Problem details — Using the records below, return exactly the lines from the one containing "Market position of" through the last, and omit pictures.

Source records —
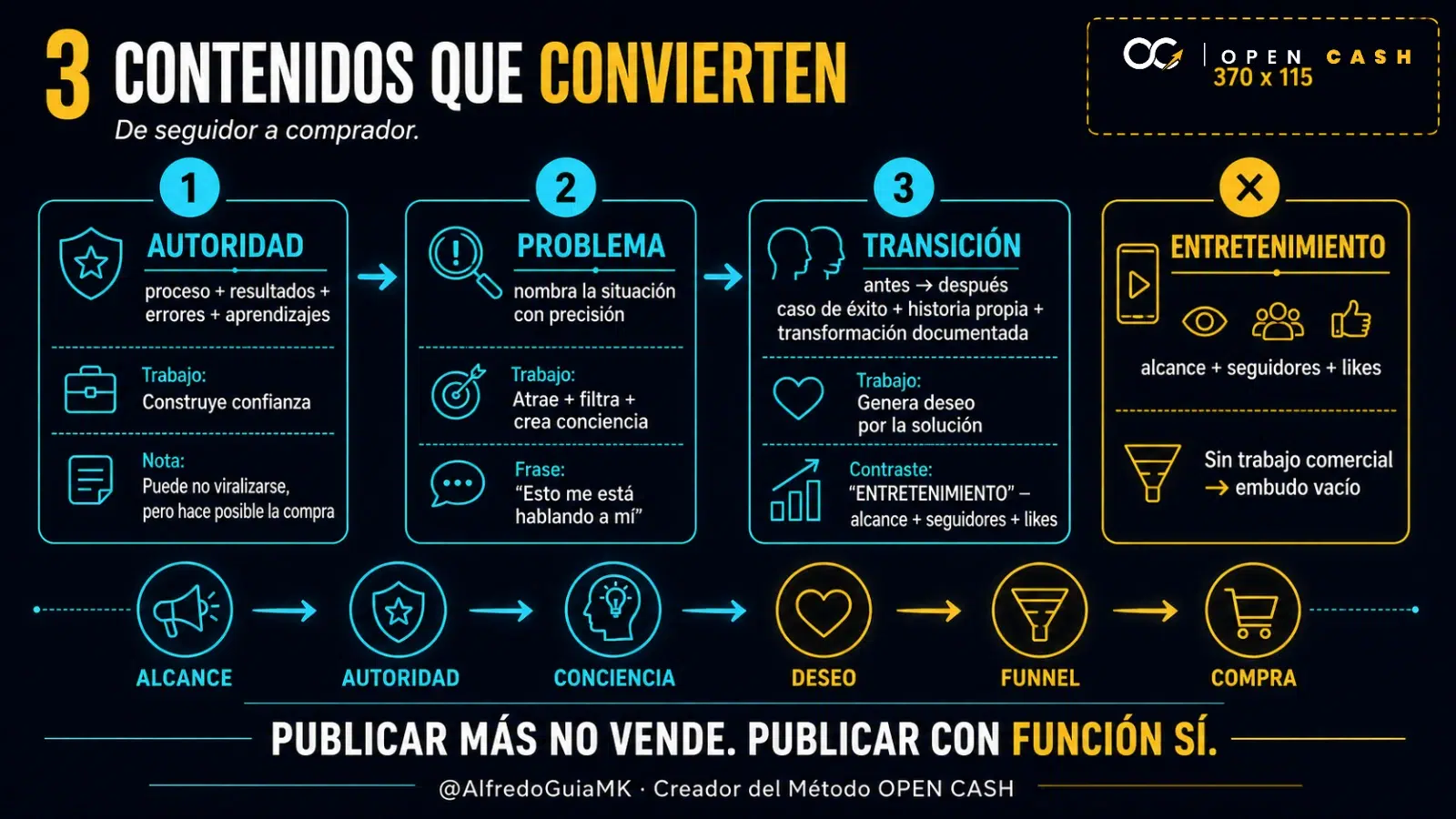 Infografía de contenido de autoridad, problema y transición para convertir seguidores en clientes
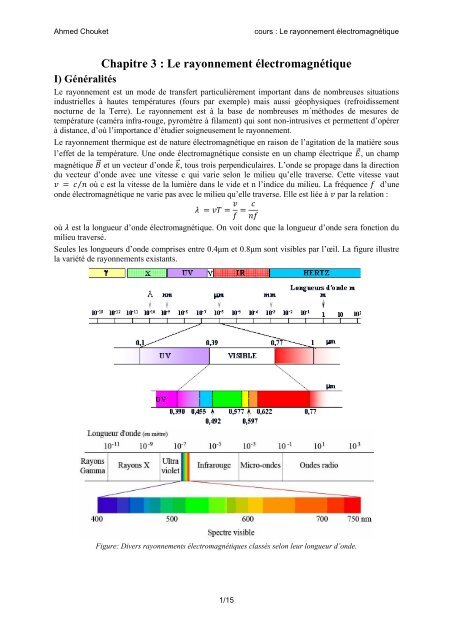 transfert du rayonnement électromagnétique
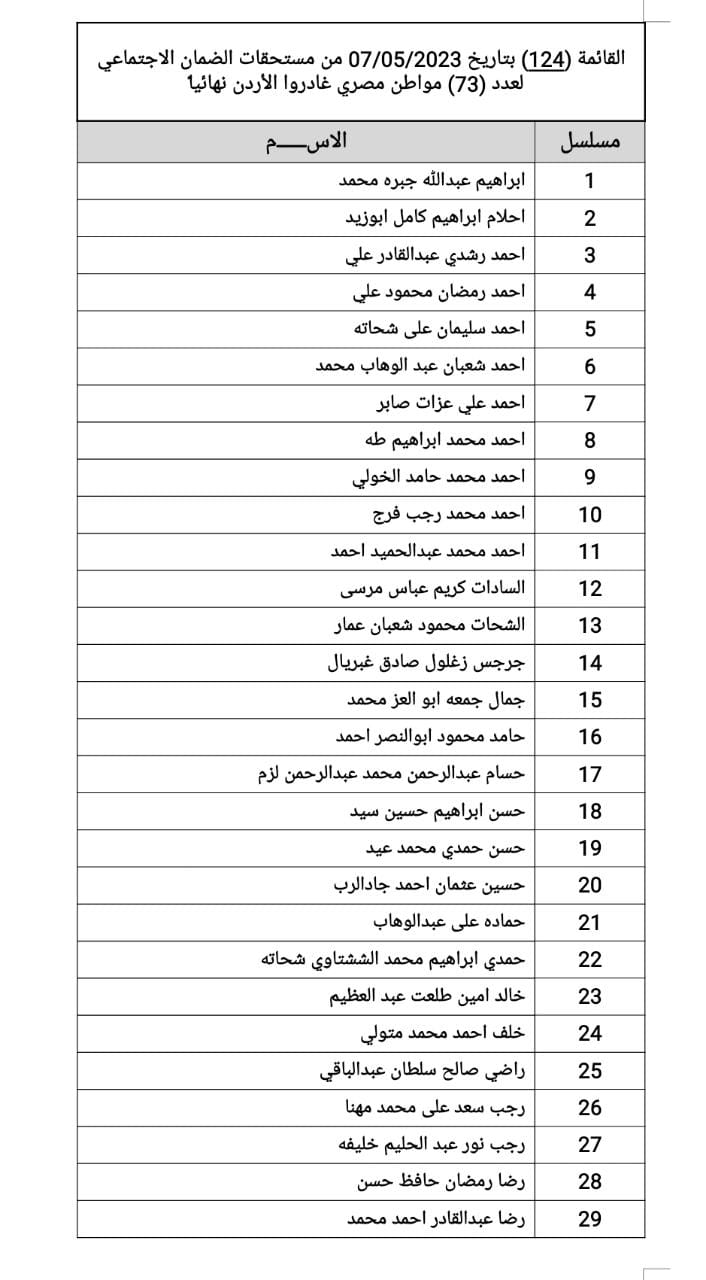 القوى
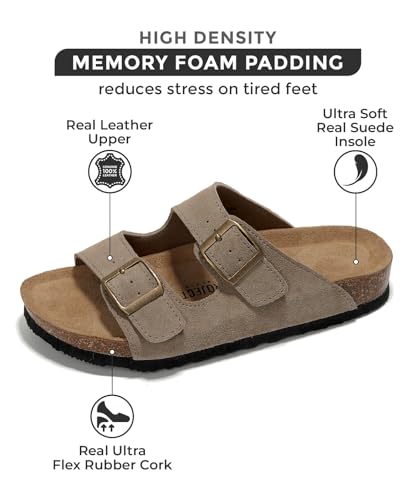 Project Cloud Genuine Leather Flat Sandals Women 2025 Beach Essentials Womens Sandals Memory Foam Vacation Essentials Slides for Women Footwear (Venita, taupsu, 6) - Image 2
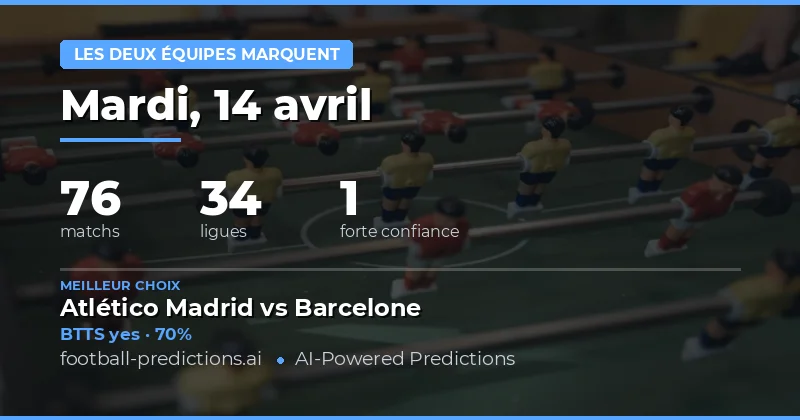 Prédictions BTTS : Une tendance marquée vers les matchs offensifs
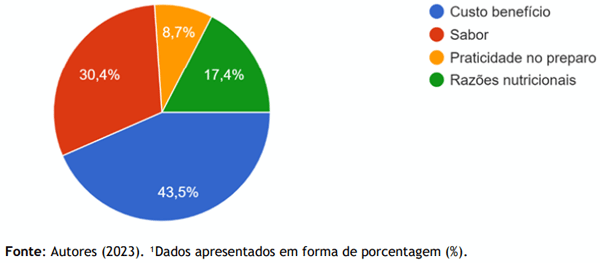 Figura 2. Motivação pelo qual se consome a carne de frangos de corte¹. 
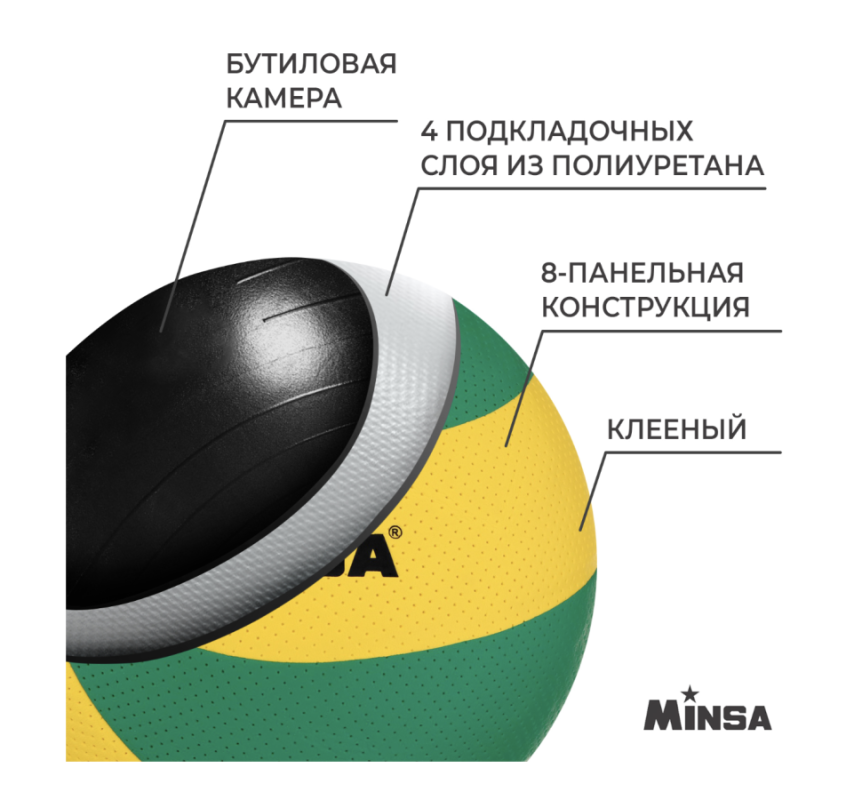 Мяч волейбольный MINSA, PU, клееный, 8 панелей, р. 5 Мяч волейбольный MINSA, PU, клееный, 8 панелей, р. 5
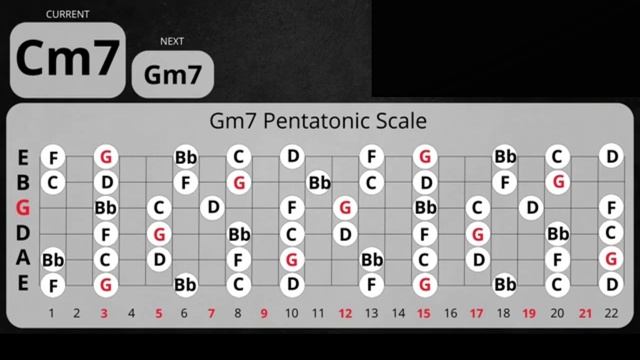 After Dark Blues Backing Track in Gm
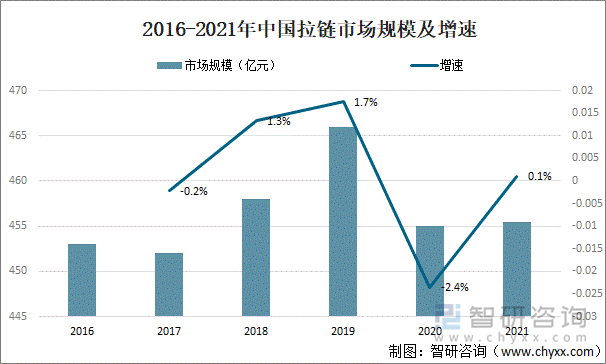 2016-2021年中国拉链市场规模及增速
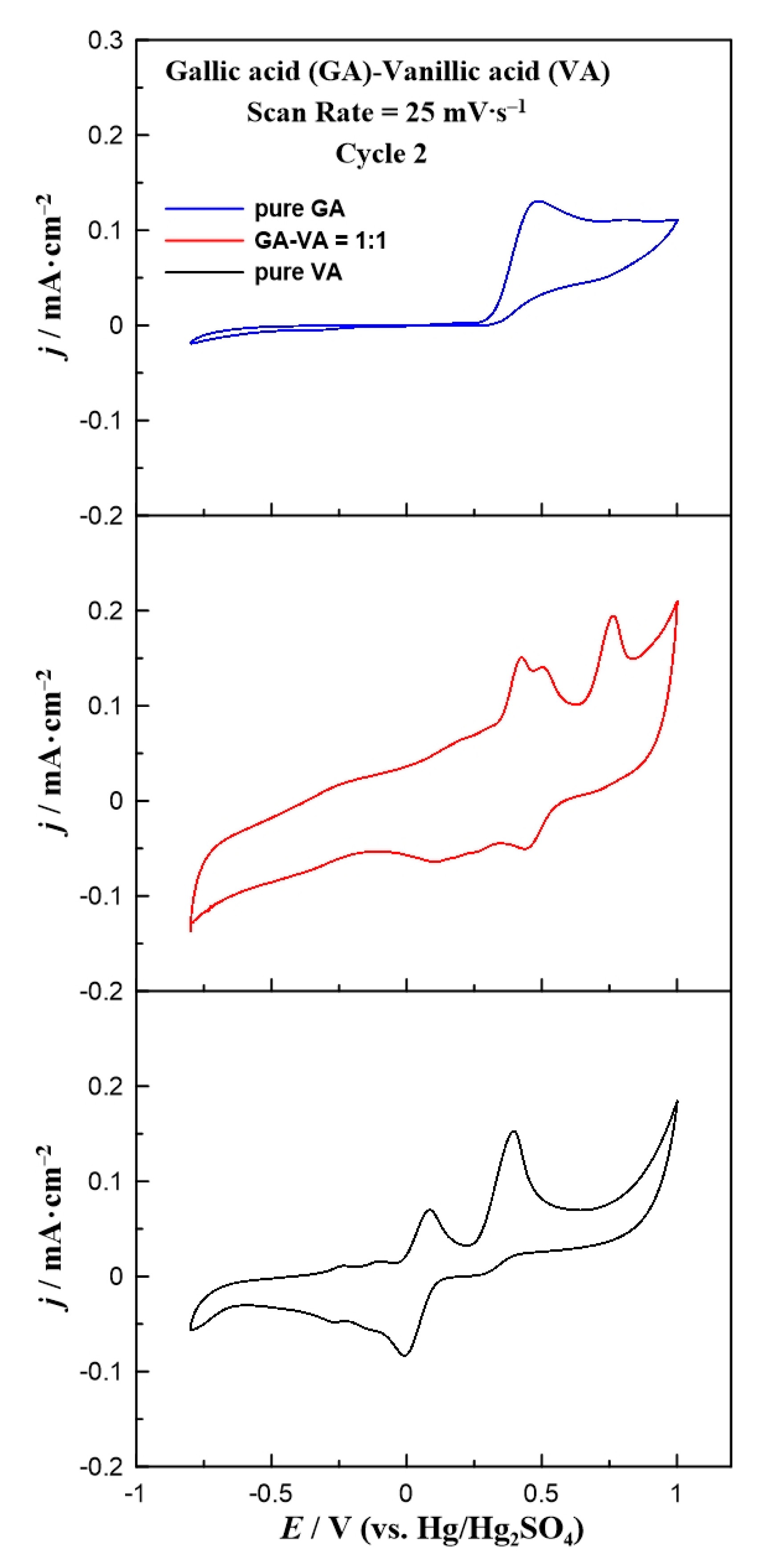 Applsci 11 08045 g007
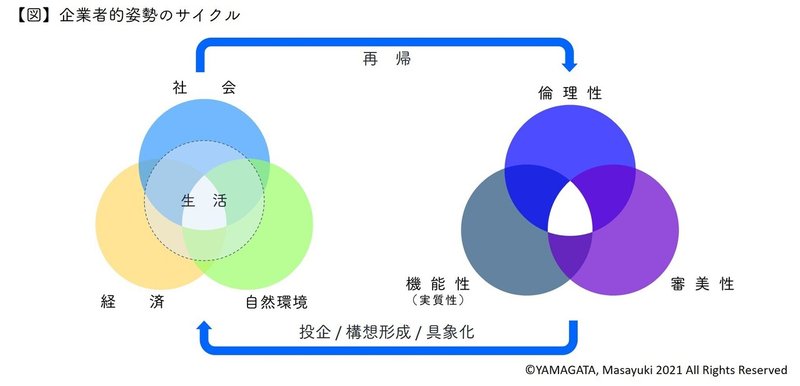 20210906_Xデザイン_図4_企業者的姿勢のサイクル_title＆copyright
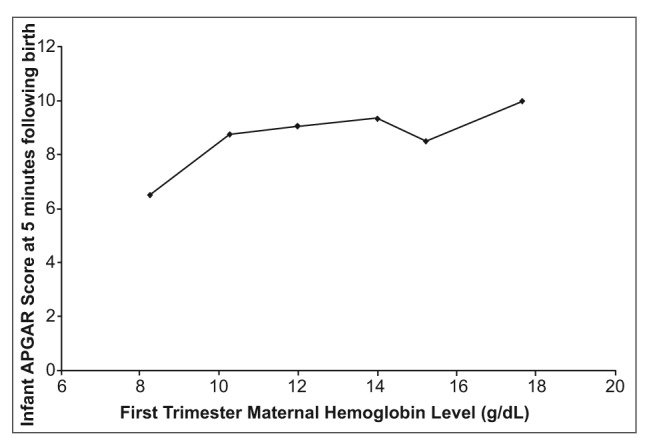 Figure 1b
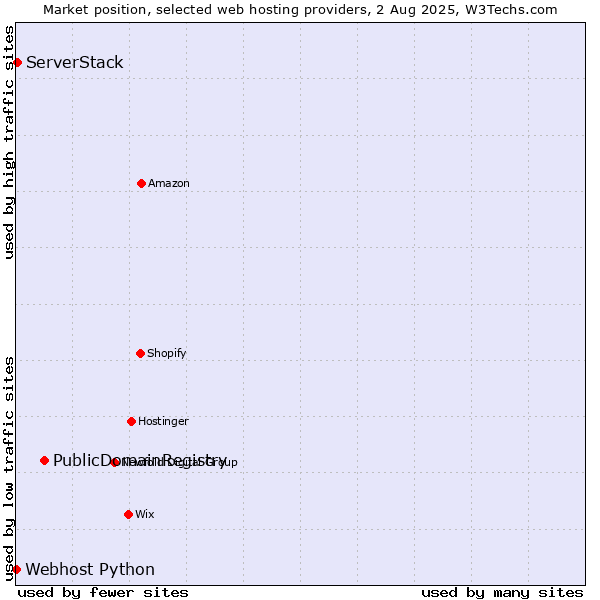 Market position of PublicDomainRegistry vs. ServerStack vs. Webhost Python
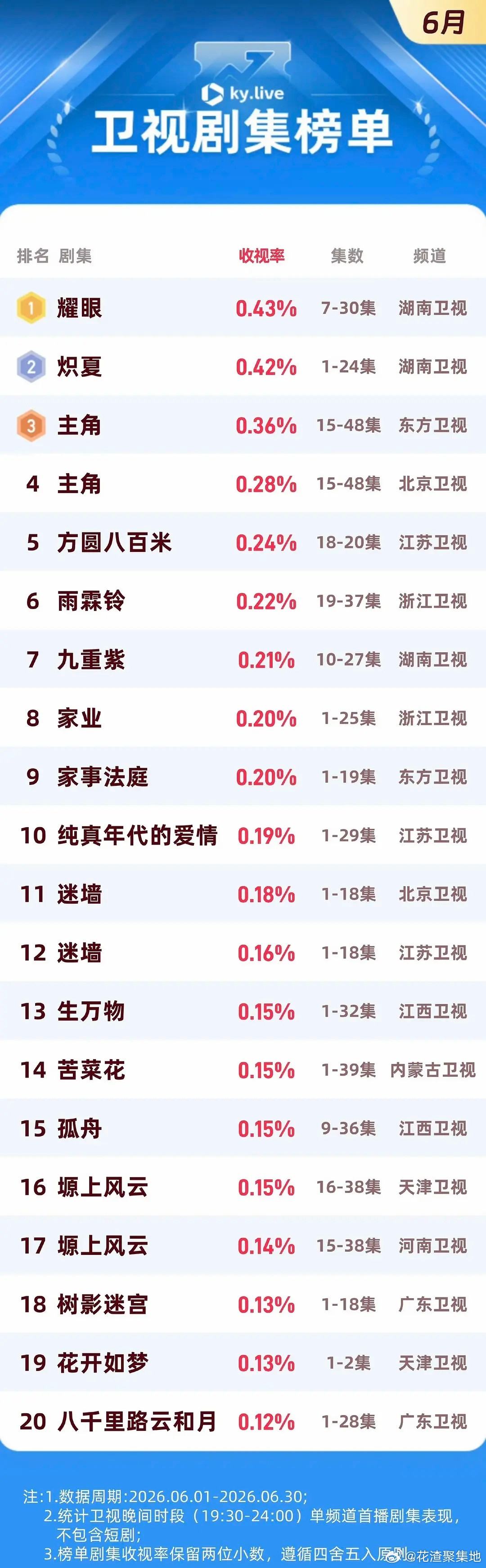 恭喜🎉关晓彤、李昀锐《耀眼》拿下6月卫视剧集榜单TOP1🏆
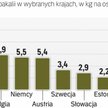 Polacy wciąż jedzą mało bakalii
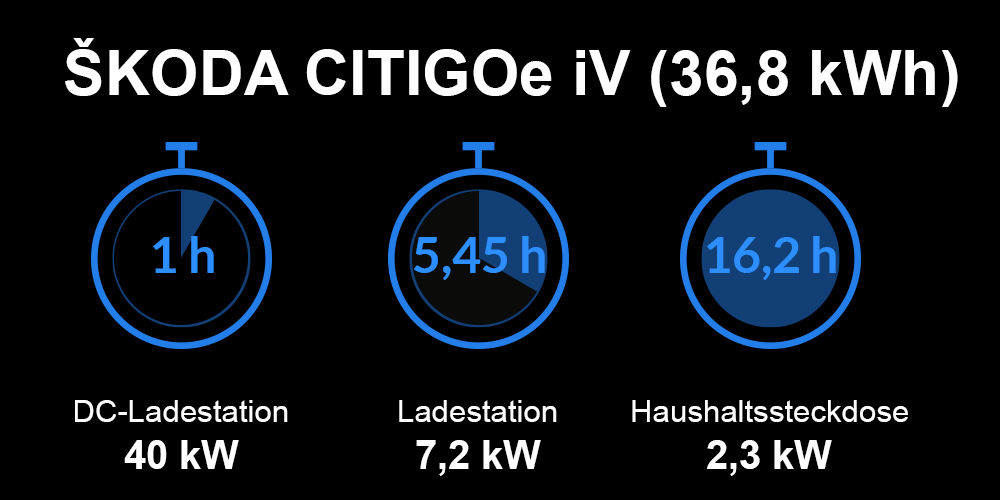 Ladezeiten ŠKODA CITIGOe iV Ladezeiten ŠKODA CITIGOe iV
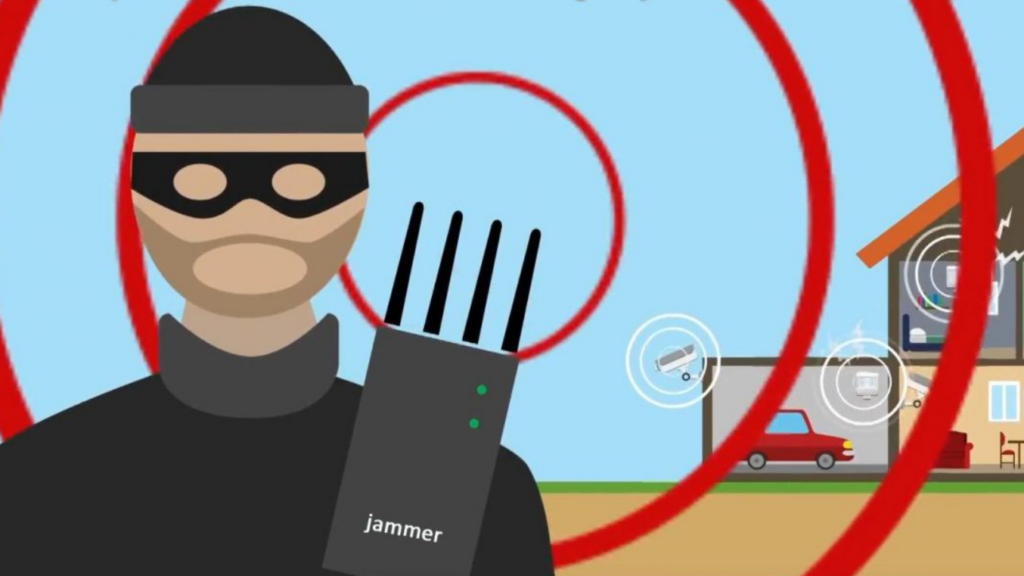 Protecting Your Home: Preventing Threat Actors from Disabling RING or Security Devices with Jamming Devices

Response to the task —
 Market position of PublicDomainRegistry vs. ServerStack vs. Webhost Python
 恭喜🎉关晓彤、李昀锐《耀眼》拿下6月卫视剧集榜单TOP1🏆
 Polacy wciąż jedzą mało bakalii
 Ladezeiten ŠKODA CITIGOe iV Ladezeiten ŠKODA CITIGOe iV
 Protecting Your Home: Preventing Threat Actors from Disabling RING or Security Devices with Jamming Devices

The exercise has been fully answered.